Passing char pointer as argument to function

Question

This porgram prints different permutations of a string.It works correctly if I declare string as char array in main and pass array name in printAnagram function.But if I declare string as char* s = "hello" and pass 's' then it crashes. Why?

#include <stdio.h>
#include <conio.h>

void printAnagram(char *str, int b, int e);

int main()
{
    char *s = "ABC"; // works fine when char s[] = "ABC" is used.
    printAnagram(s, 0, 2);
    return 0;
}

void swap(char *a, char* b)
{
    char temp = *a;
    *a = *b;
    *b = temp;
}
void printAnagram(char *str, int b, int e)
{
    int i = 0;
    if(b==e)
        printf("%s\n", str);
    else
    {
        for(i=b;i<=e;i++)
        {
            swap((str+b),(str+i));
            printAnagram(str, b+1, e);
            swap((str+b), (str+i));
        }
    }
}

Answer 1

In char *s = "ABC"; - "ABC" is a string literal modifying it is UB.

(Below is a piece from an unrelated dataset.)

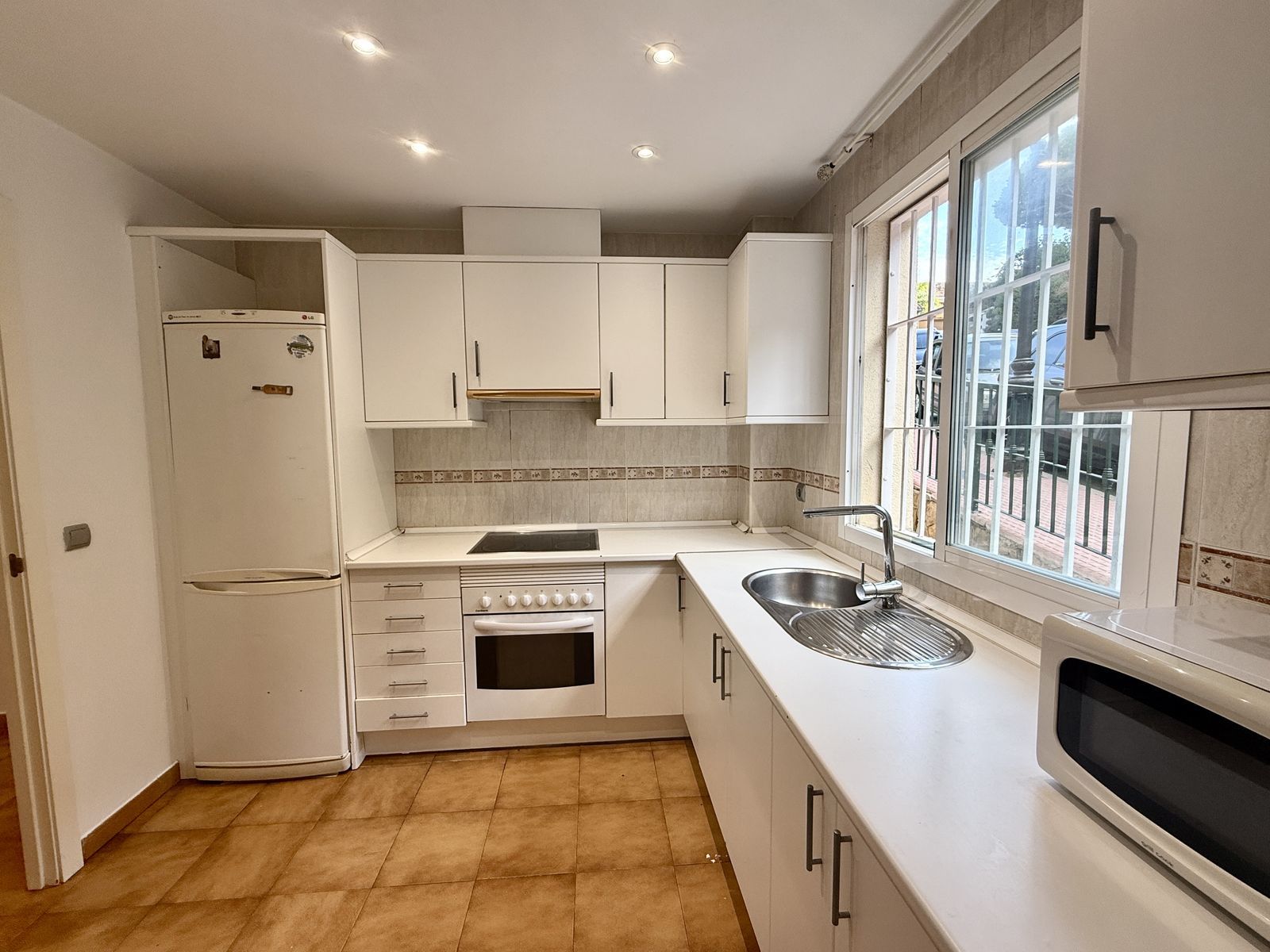 1300b8fbf5e1a5d45d5de415d3e40421 - 7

Pointers are usually used to point to data that already exists, so you can use it like this

char arr[] = "C__";

char* t = &arr[0];

Also modifiable,

t[1] = 'p';

t[2] = 'p';

Here

char *t= "C__";

points to a string constant.

There is a better way of writing the above:

const char* t= "C__"; 

Answer 2

The crash has to do with the kind of memory where the characters of your string are stored, not with whether or not you declare it as a character array or a pointer. In other words, you can keep the pointer, and copy the string into it, like this:

int main()
{
    char *s = strdup("ABC");
    printAnagram(s, 0, 2);
    free(s);
    return 0;
}

C standard considers memory allocated to string literals, such as "ABC", non-writable. Hence, any changes you do to them cause undefined behavior. When you change declaration to an array, C copies the literal into writable memory, so there is no undefined behavior (and no crash).

Answer 3

char *s = "ABC"; is a string literal stored in read only memory location. When you try modifying it, yes it will crash. In fact it is of const char *s. Instead you should be using as mentioned already as,

char s[] = "ABC"; 

Look at this previous SO answer Modifying a string literal.

Answer 4

You are accessing the read only memory.

char *a="ABC";// It will stored in the read only memory. 

If you are trying to access this you cannot do. You can use like this.

char array[]="ABC";
char *a=array;

Answer 5

You could try to declare a char array, for example char [6] str="ABC"; and then use a char pointer, to manage that array: char *p=&str; The crash is due to the fact that your pointer to a string that is not present in the stack memory.